MAPPING_STANDL_V_L_PWM_1_STANDARD 7.2v => 100%
MAPPING_STANDL_V_R_PWM_1_STANDARD 7.2v => 100%

I've tried those on F15 and I did not notice any difference.


----------



## yans (Nov 26, 2013)

thegandalf said:


> On a separate note, does someone know if the top led (sort of the eyebrow) can be made light up with more intensity. Most of the time is like it isn't even there.


I would also be interested in this please my friends.... thank you :bigpimp:


----------



## dany81ta (Nov 12, 2014)

HI... it's possible to swith on angel at welcome with dissolvence??
MAPPING_STANDL_V_R_DIMMED.... it is correct? thanks!


----------



## cryptocar (Jul 28, 2015)

c.grex said:


> I know it's not a older post but I don't have the Level 1 lines on my F20, but I have these lines:
> 
> 'MAPPING_STANDL_V_L_PWM_LEVEL_REDUCED'
> 'MAPPING_STANDL_V_R_PWM_LEVEL_REDUCED'
> ...


Bumping this because a friend and I have run into this same issue with our 13' F30s.
We have these parameters and no level_1 functions just level_5 and level_6

Has anyone else figured this out?

Also anyone find the eyebrow function?


----------



## dbworld4k (Apr 25, 2005)

cryptocar said:


> Bumping this because a friend and I have run into this same issue with our 13' F30s.
> We have these parameters and no level_1 functions just level_5 and level_6
> 
> Has anyone else figured this out?
> ...


Bump for more info. Same thing on a F48 X1.


----------



## cryptocar (Jul 28, 2015)

dbworld4k said:


> Bump for more info. Same thing on a F48 X1.

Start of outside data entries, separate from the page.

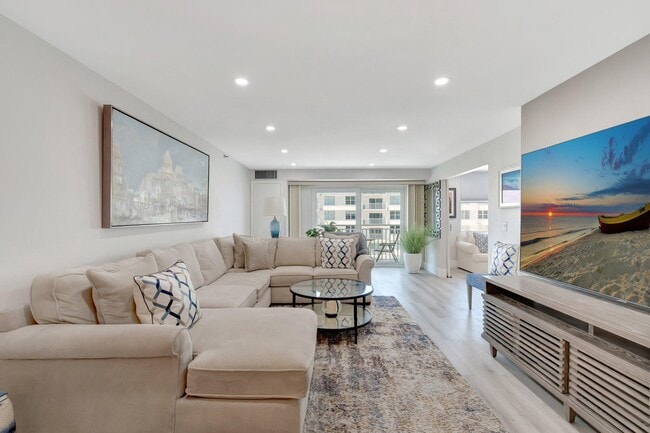 Building Photo - 4511 S Ocean Blvd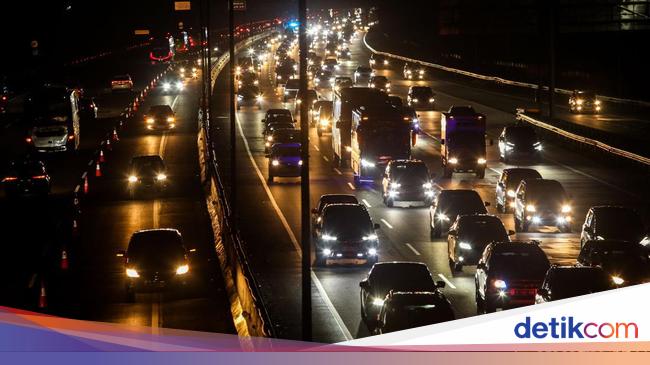 Contraflow km 55 km 47 jakec toll road applied in jakarta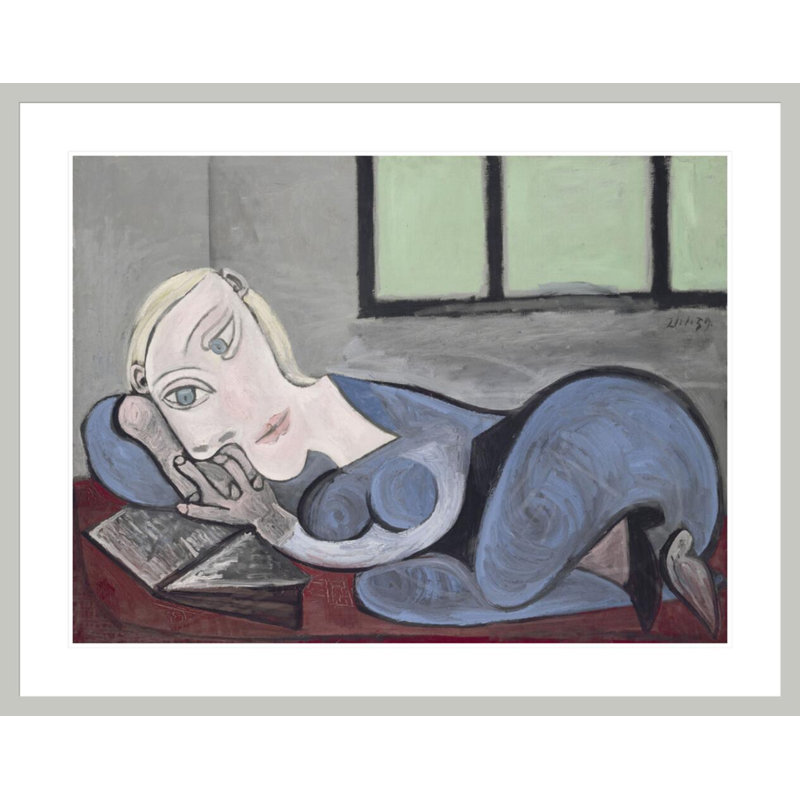 Femme couchee lisant par Pablo Picasso, 32.8" H x 41.5" W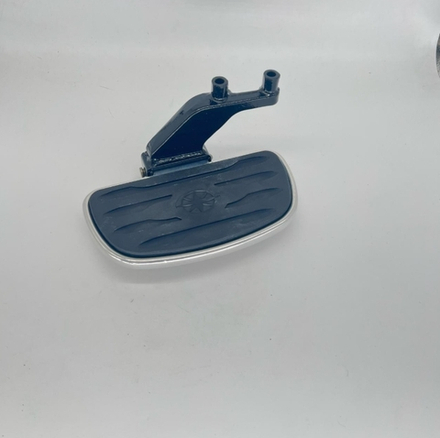 Платформа пассажирская с кронштейном (левая) Yamaha XVZ1300 Royal Star 4YE-27430-00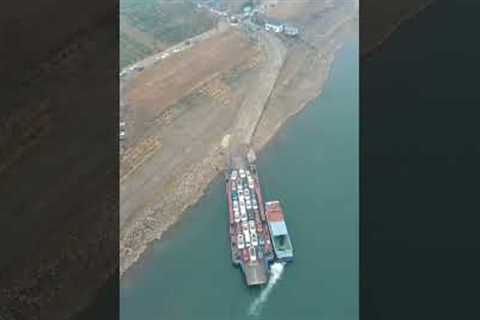 Drone aerial photography, original video of Yangtze River ferry queuing across the river, water bus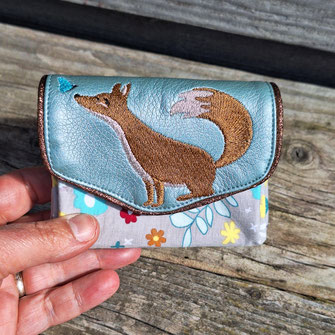 petit porte-monnaie accordéon femme en faux cuir vert nacré et tissu gris avec des fleurs, broderie renard- porte-monnaie mignon et bohème femme - cadeau artisanal unique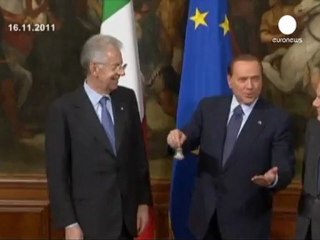 Berlusconi vuelve "con tristeza" a la política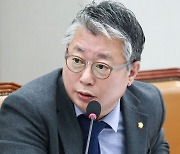 조응천 "추미애, 민주당서 정치 하려는 마음 없어…조국과 손 잡을 것"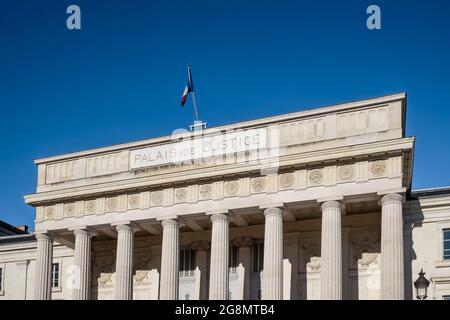 TOURS, FRANCE - 12 juillet 2021 : une vue sur le Palais de Justice à Tours, France Banque D'Images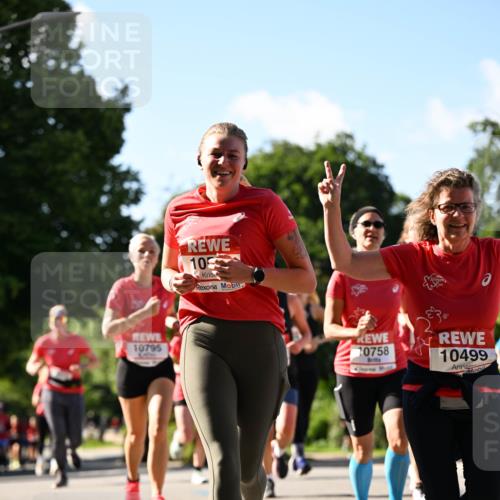 08.06.2024 - REWE Women's Run Dr. Thomas Lammeyer http://msf.ph/oto/6243155 09.06.2024 09:17:23 Laufen 10795, 10, 10758, 10499 meine-sportfotos.de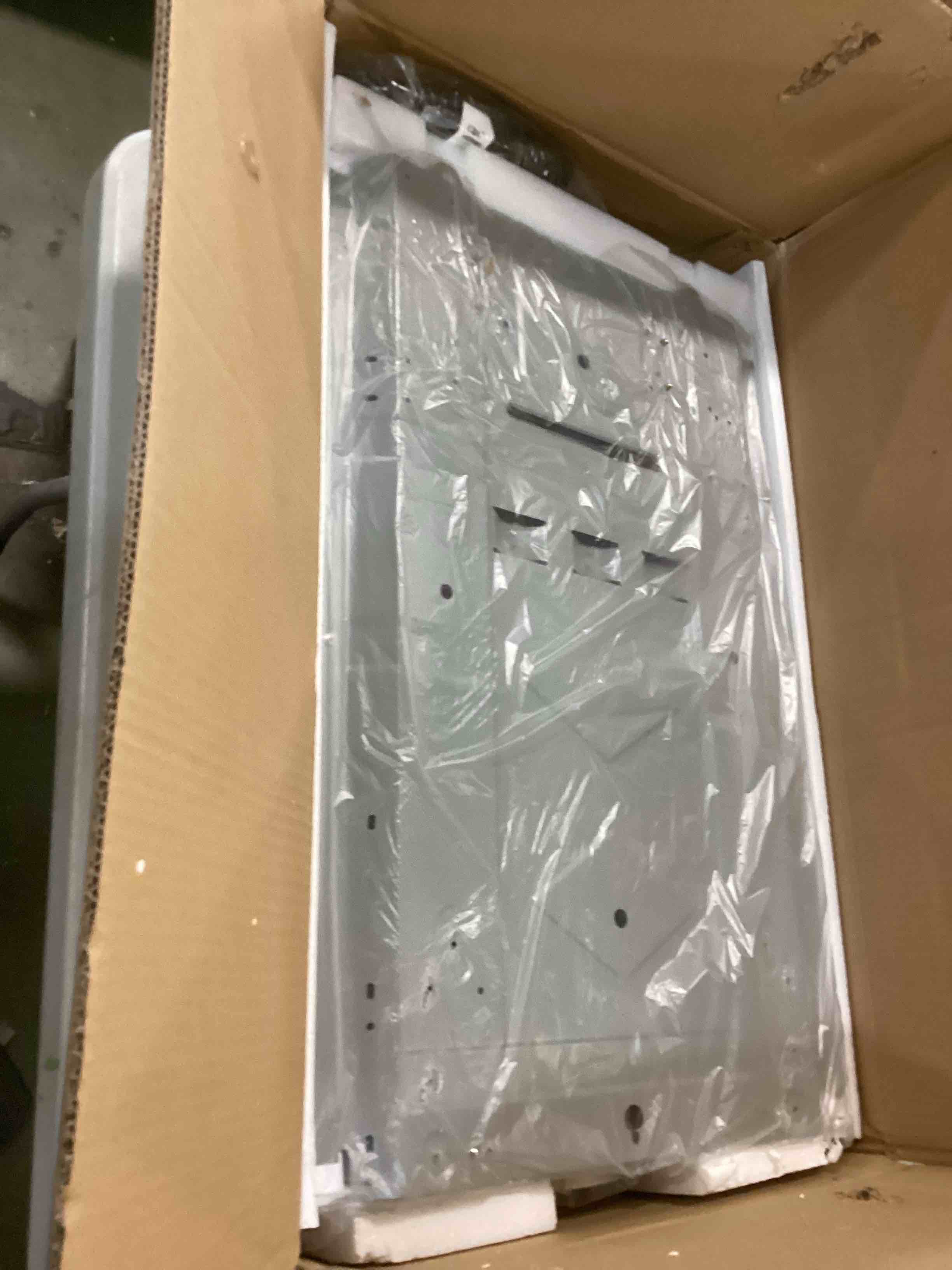 https://s3.amazonaws.com/lotting-images-prod/bidfta/ORG6497057_1717072713706.jpeg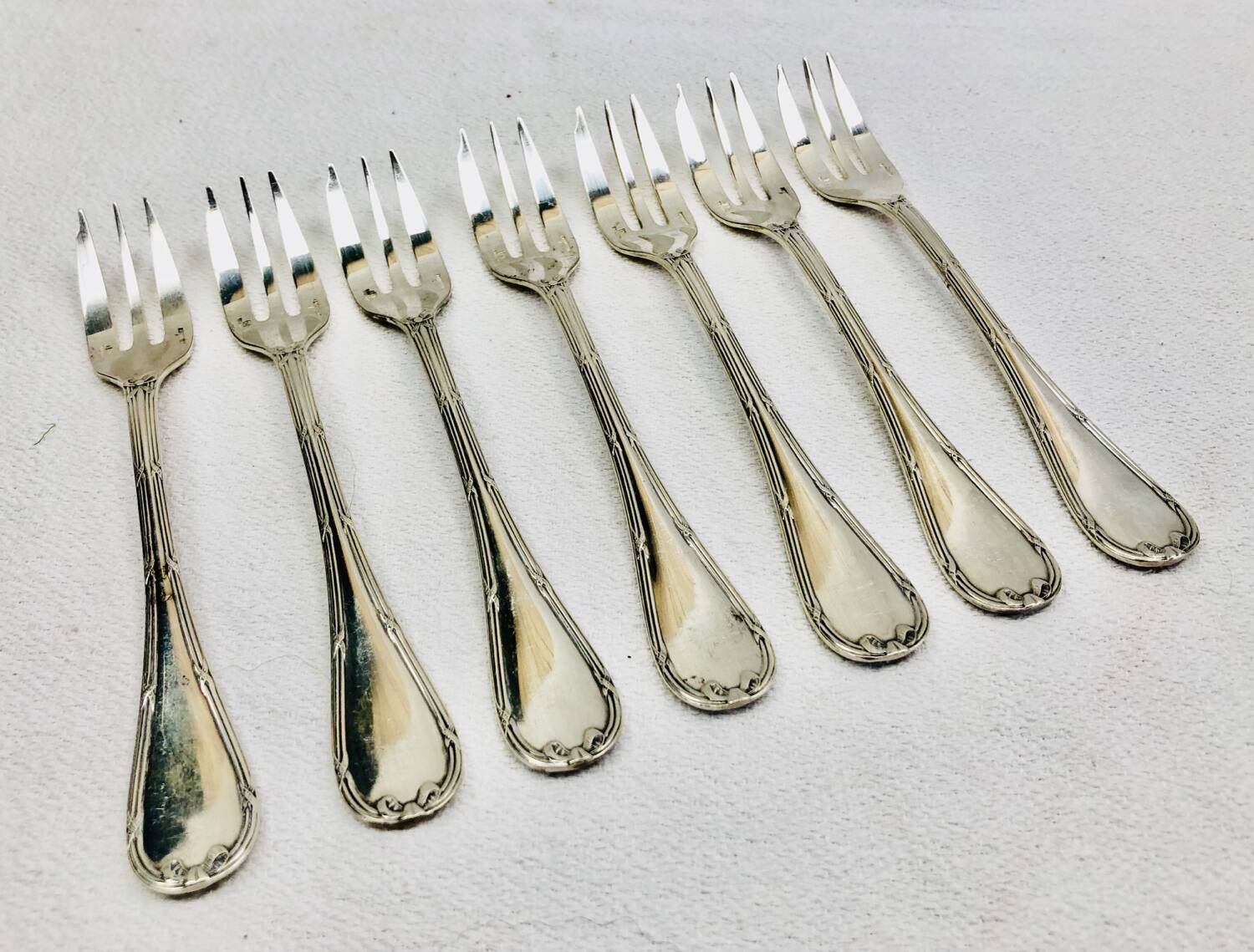 7 Christofle silver-plated oyster forks with Louis crossed ribbons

Yes I think I figured it out for my car, my buddies car, and some other earlier model F30s, but I haven't had anyone test it on any other cars, so please procede with caution and you should test with my settings and the default to confirm it works on your car as well.

FEM_BODY > 3062 (I think, I never wrote it down or saved it, just pulling from memory here cause I'm not on my Esys laptop)
Then change these 6 values (Some may already be 100%, just keep it like that, so all are 100% at the end)

MAPPING_STANDL_V_L_PWM_LEVEL_STANDARD = 100%
MAPPING_STANDL_V_L_PWM_LEVEL_REDUCED = 100%
MAPPING_STANDL_V_L_PWM_LEVEL_REAR = 100%
MAPPING_STANDL_V_R_PWM_LEVEL_STANDARD = 100%
MAPPING_STANDL_V_R_PWM_LEVEL_REDUCED = 100%
MAPPING_STANDL_V_R_PWM_LEVEL_REAR = 100%

Also after some digging through German forums and personally digging through my FEM module it appears the Eyebrow light (DESIGNL) is already by default set to maximum output in seemingly all modes.
Only way to brighten it would be to replace the LED in the lamp housing with a brighter LED


----------



## jgoens (Jul 28, 2014)

cryptocar said:


> Yes I think I figured it out for my car, my buddies car, and some other earlier model F30s, but I haven't had anyone test it on any other cars, so please procede with caution and you should test with my settings and the default to confirm it works on your car as well.
> 
> FEM_BODY > 3062 (I think, I never wrote it down or saved it, just pulling from memory here cause I'm not on my Esys laptop)
> Then change these 6 values (Some may already be 100%, just keep it like that, so all are 100% at the end)
> ...


haha, your over here too! I was just scanning for some new coding ideas and saw this one. You have a '13 as well, so if this works on yours, should work on mine. I'm going to give it a try soon..your saying it is in FEM Body and 3062?


----------



## cryptocar (Jul 28, 2015)

jgoens said:


> haha, your over here too! I was just scanning for some new coding ideas and saw this one. You have a '13 as well, so if this works on yours, should work on mine. I'm going to give it a try soon..your saying it is in FEM Body and 3062?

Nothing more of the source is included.